Please start any new threads on our new site at https://forums.sqlteam.com. We've got lots of great SQL Server experts to answer whatever question you can come up with.

 All Forums
 SQL Server 2008 Forums
 Transact-SQL (2008)
 Random with a twist

Author  Topic 

pixelwiz
Starting Member

25 Posts

Posted - 2011-06-08 : 10:30:16
Hi, I like how you can randomize data with doing an ORDER BY NEWID().

However, I have a little problem.
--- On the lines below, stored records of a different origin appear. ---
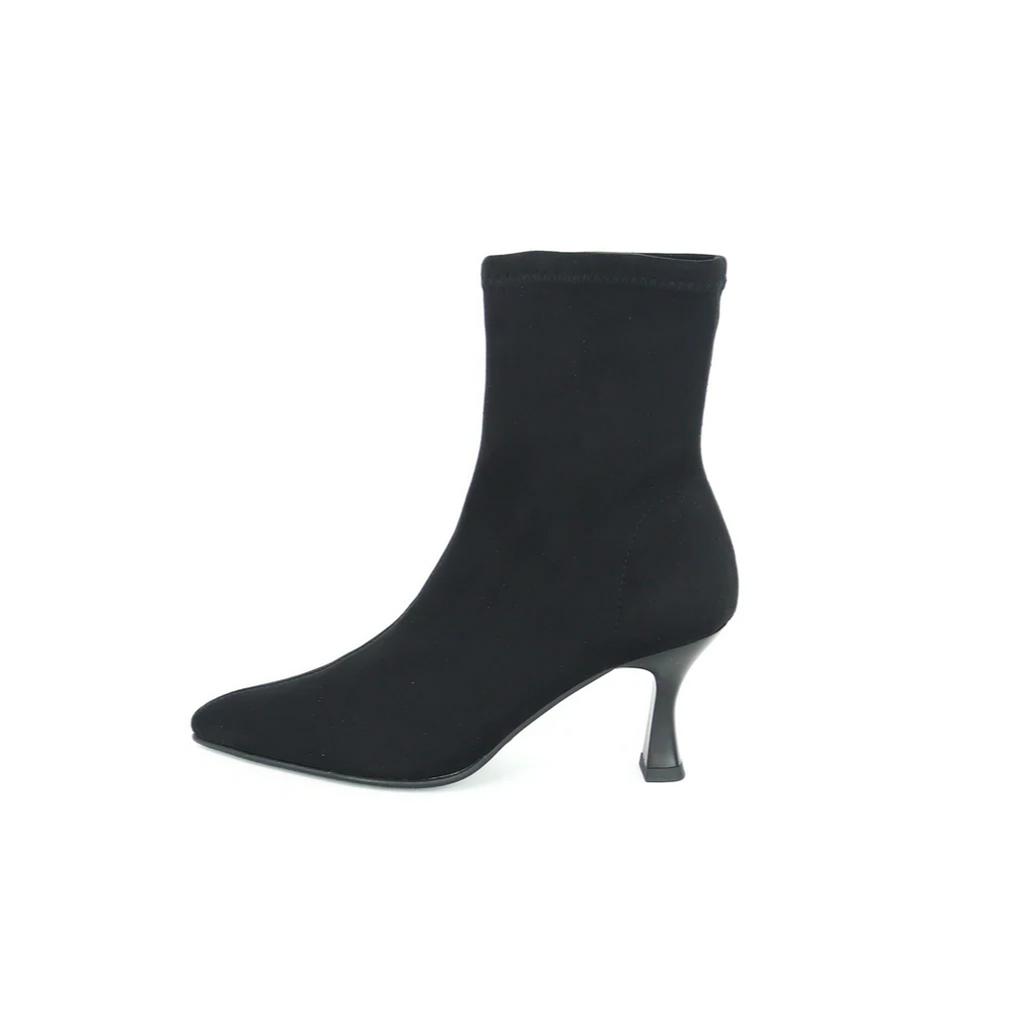 Black sock boot with a thin heel on a white background
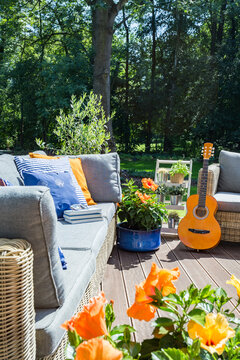 Cozy terrace with flowers and guitar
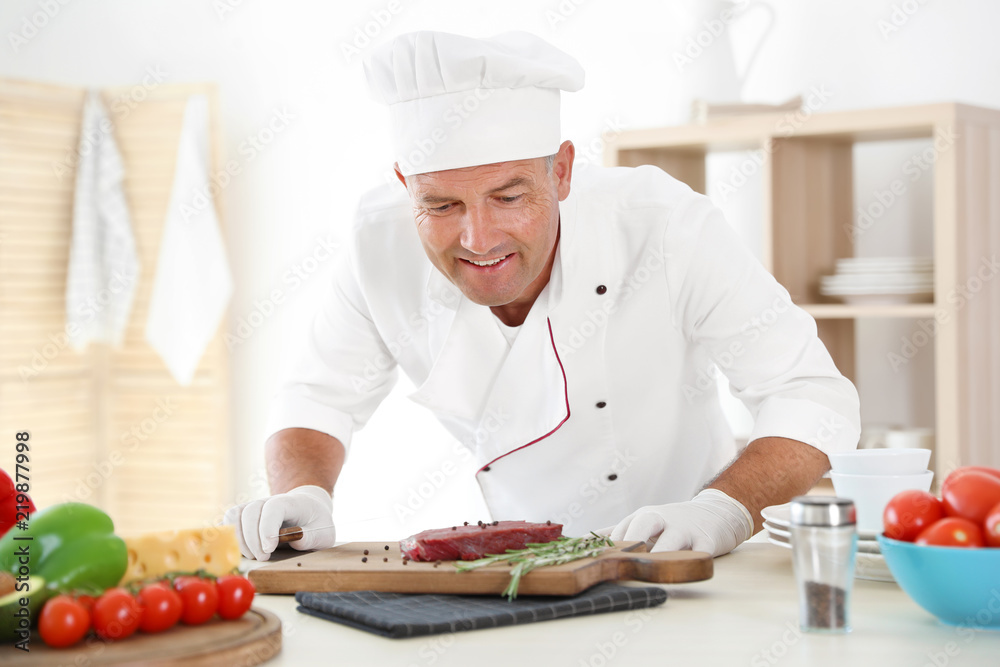 Professional chef cooking meat on table in kitchen Professional chef cooking meat on table in kitchen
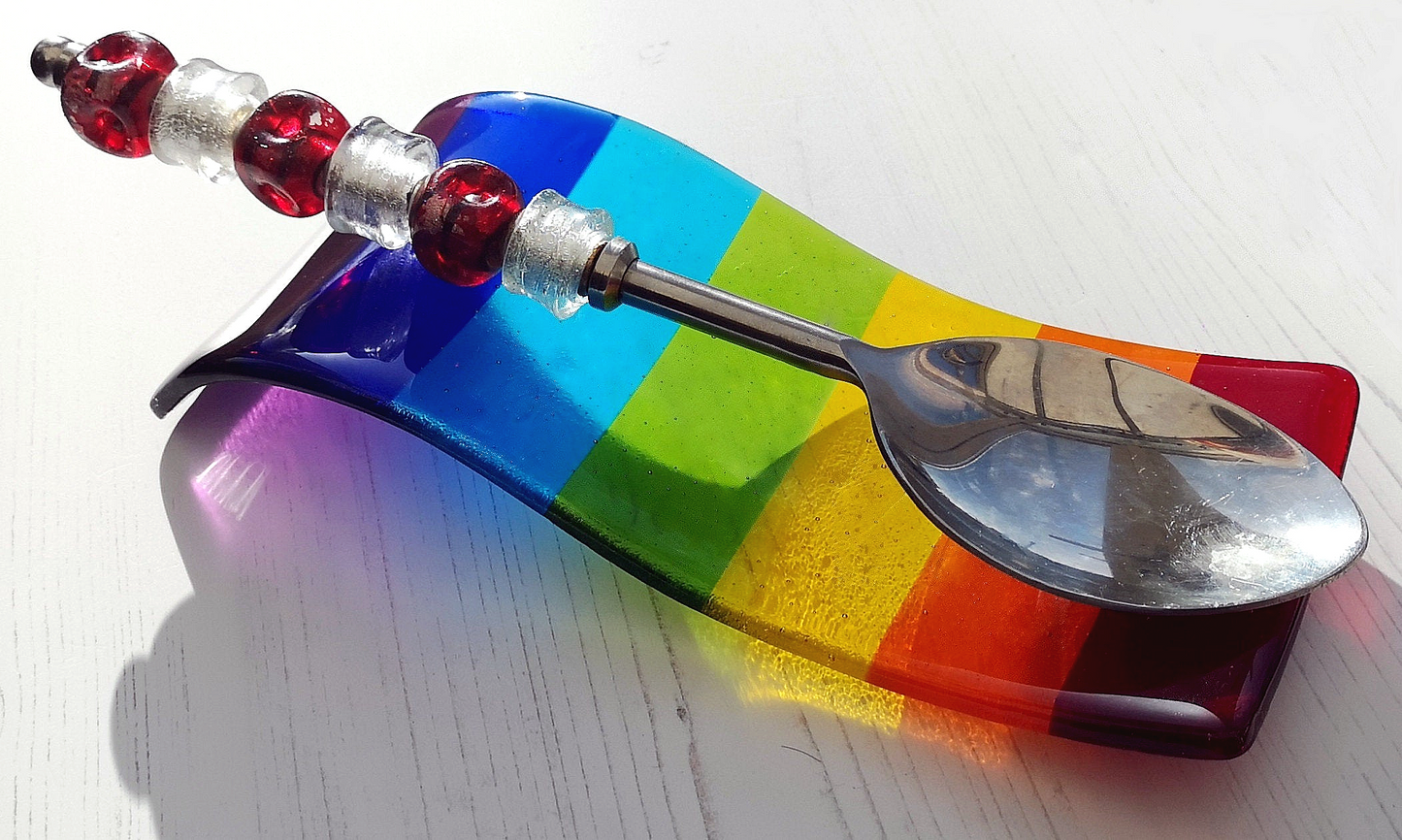 Handmade fused glass free standing Rainbow Curved Picture Suncatcher or Spoon Rest. Brightly coloured wavy light catcher, rainbow decor.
Let's say I have 300 people. I need to randomly group them them into sets of 3, but a set of 3 can't have people from the same state in it.

I can actually place them into sets of 3 as a separate process, but I still need to ensure that no one from the same state is in a particular set somehow.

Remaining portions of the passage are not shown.